The NNSA had said that the $23 million test would allow defense planners to understand the structural integrity of deep, underground tunnels when targeted with massive firepower. Since no plane can hold 700 tons of explosives, a hole dug at ground level would be filled with the explosives, and scientists would measure their impact on an existing tunnel 1,100 feet under the surface.
The ability to destroy underground tunnels has become a military priority as fears about bunkers deep in Iran and North Korea have intensified. Some worried the operation would foreshadow the return of nuclear testing ended by the 1992 Comprehensive Test Ban Treaty.
“The real concern is that this is in some ways a precursor to new nuclear testing and development,” Cherry said. “There are some things that don’t square up. All along, we’ve always said, ‘why do they need to test something with 700 tons of explosive?’”
Controversy ensued after several news outlets reported on the magnitude of the planned blast.
“I don’t want to sound glib here but it is the first time in Nevada that you’ll see a mushroom cloud over Las Vegas since we stopped testing nuclear weapons,” said James Tegnelia, head of the Defense Threat Reduction Agency, in May.
The State of Nevada had expressed some initial concerns about the project but seemed to accept federal government assurances that the test would not threaten the health of those downwind.
“The governor mostly deferred to NSA on this one,” said Bob Loux, director of the Nevada Agency for Nuclear Projects. “We’ll see what happens but it’s not a huge issue for us.”
Based on state support and federal assurances, other members of the Nevada congressional delegation were not opposed to the test.
“In November of 2005, my office received a report on the plan to test the explosive charge in Nevada,” said U. S. Rep.
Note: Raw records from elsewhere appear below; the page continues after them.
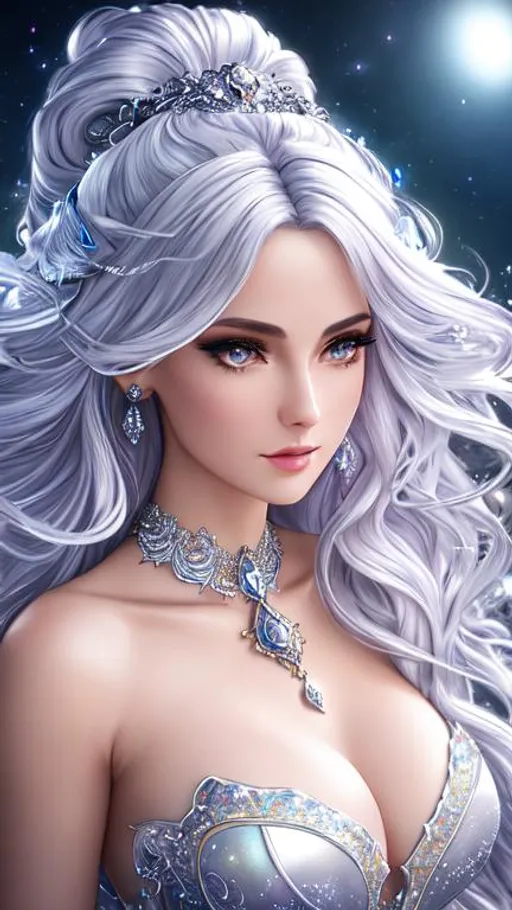Prompt: Fantasy style, a hyper realistic detailed image of a celestial feminine woman, covered in nightly glow, looking straight ahead, body facing camera, camera top third of image, perfect composition, super detailed, sharp focus HDR, UDR, 120k, square jaw, light silver and white coloured skimpy dress, silver shoulder plates, long curly white hair, amber eyes, in a dark stary night-time fantasy background, 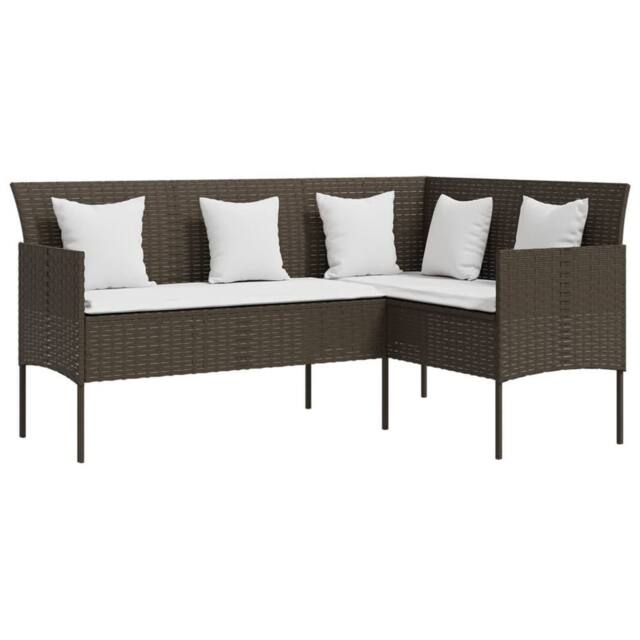 Berkfield Home Durable 5 Piece L-shaped Couch Sofa Set with Cushions Poly Rattan in Brown - image 1
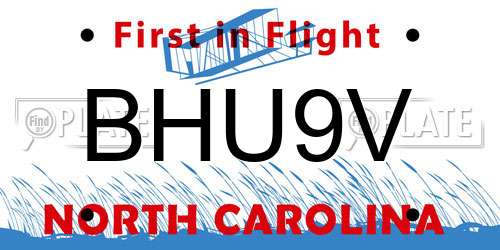 BHU9V North Carolina License Plate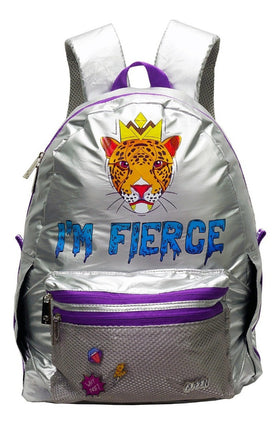 Mochila Polinesios I’m Fierce Original Nueva Color Gris Diseño de la tela Poliéster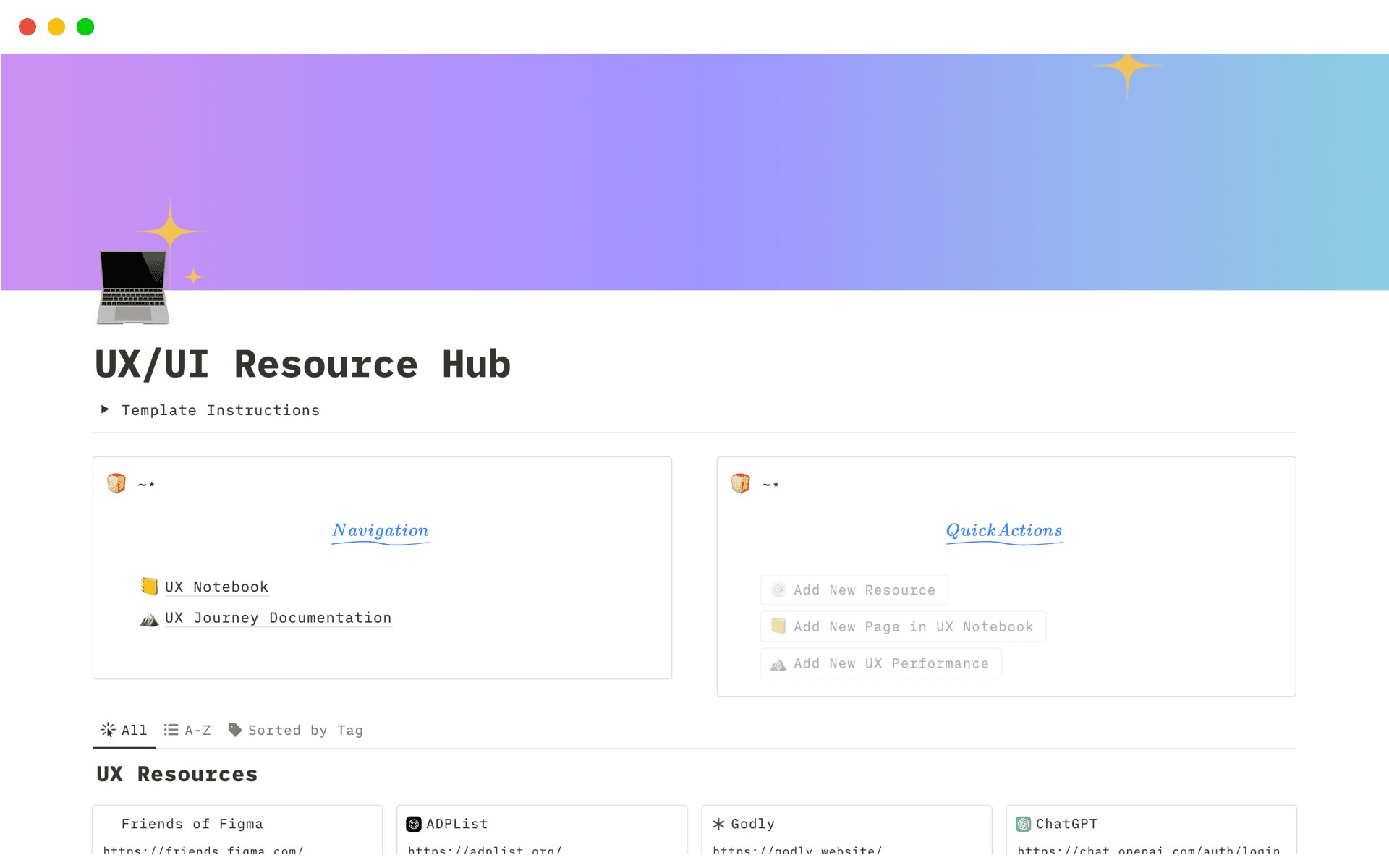UX/UI Resource Hub Template | Notion Marketplace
Jon Porter (R-Nev.). “This report, along with the state’s subsequent approval of the planned test, addressed my initial concerns about Nevadan’s safety.”
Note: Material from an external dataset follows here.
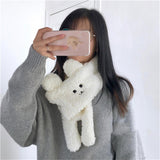 Maxbell Soft Acrylic Scarf Winter Warm Bear Ear Keep Warm for Women Men Skiing White
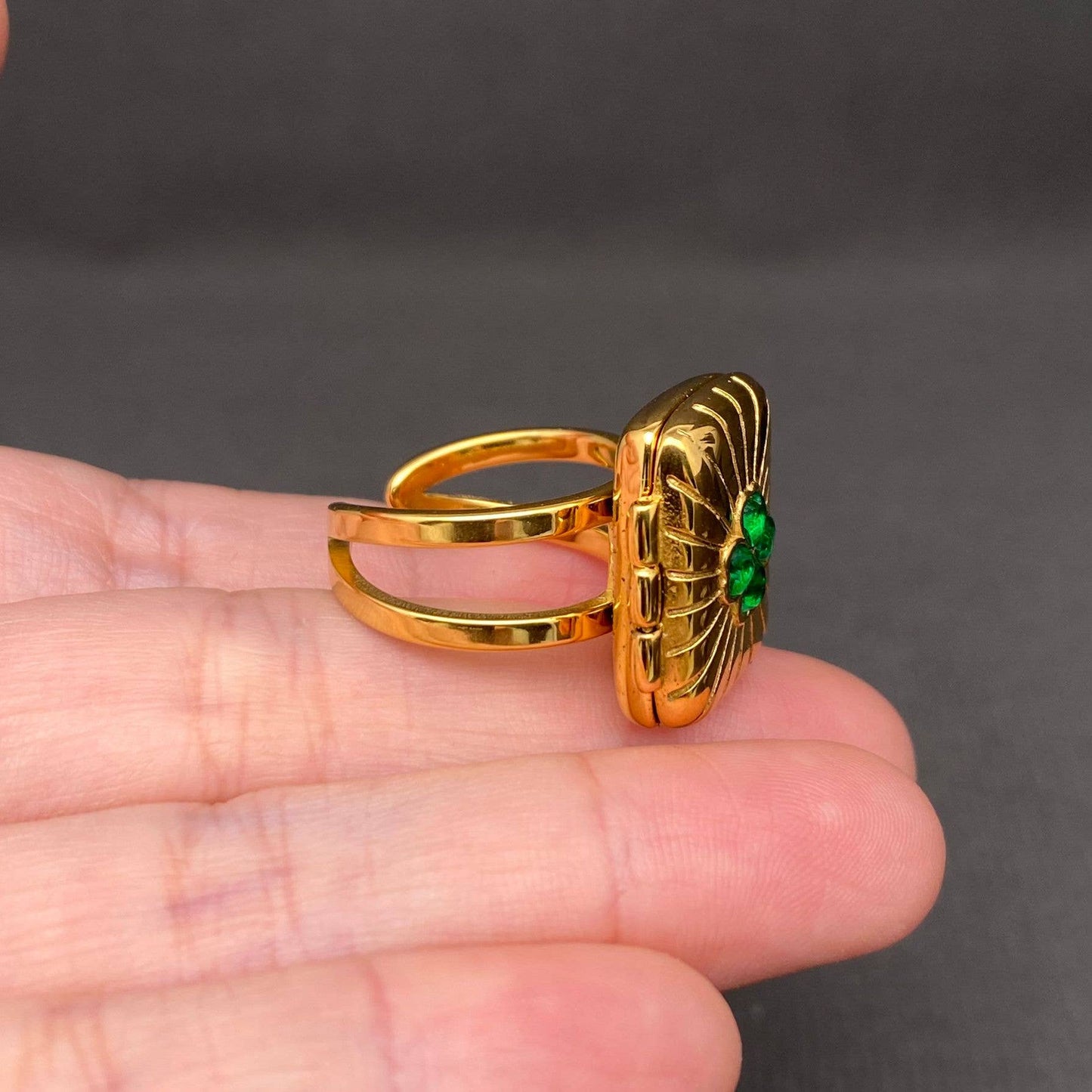 Adjustable Lucky Clover Locket Ring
Nevadans weren’t the only ones alarmed. Since Utah has the dubious distinction of being downwind from Nevada, its political leaders are even more concerned about the test. Clusters of cancer patients match the dispersal patterns of radiation from after nuclear testing conducted at the site decades ago. Its congressional delegation issued some of strongest rebukes.
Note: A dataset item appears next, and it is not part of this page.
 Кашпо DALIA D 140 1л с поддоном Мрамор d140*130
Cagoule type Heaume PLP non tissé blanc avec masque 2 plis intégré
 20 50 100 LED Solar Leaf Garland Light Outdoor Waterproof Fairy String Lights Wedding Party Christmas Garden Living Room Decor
“After reading comments about mushroom clouds and low yield nuclear weapons, I was greatly concerned, and expressed as much to the director of DTRA,” Rep. Jim Matheson (D-Ut.) said. “I advised them to put all the health and safety data out on the table so that people’s fears about being once again exposed to radioactive contamination could be addressed. I am very pleased to see that these agencies have acted on my advice.”
A Divine Strake Coalition of 41 organizations formed to oppose the test. On Sunday, about 300 protesters gathered at the entrance to the site to celebrate the postponement.
On a tour of the site that included the location of the Divine Strake tests, visitors largely supported the test.
“I’m not a proponent of nuclear weapons or anything, but it’s something necessary to do in order to protect the state,” said Tom Harrington, a retired math teacher from Chicago. “We need to learn how to react if something happens. That’s what survival is all about.”
The project name, Divine Strake, refers nautically to a continuous line of plating from the stem to stern of a ship. In bomb manufacturing, the term ‘strake’ refers to the rail that attaches the bomb to the launch platform.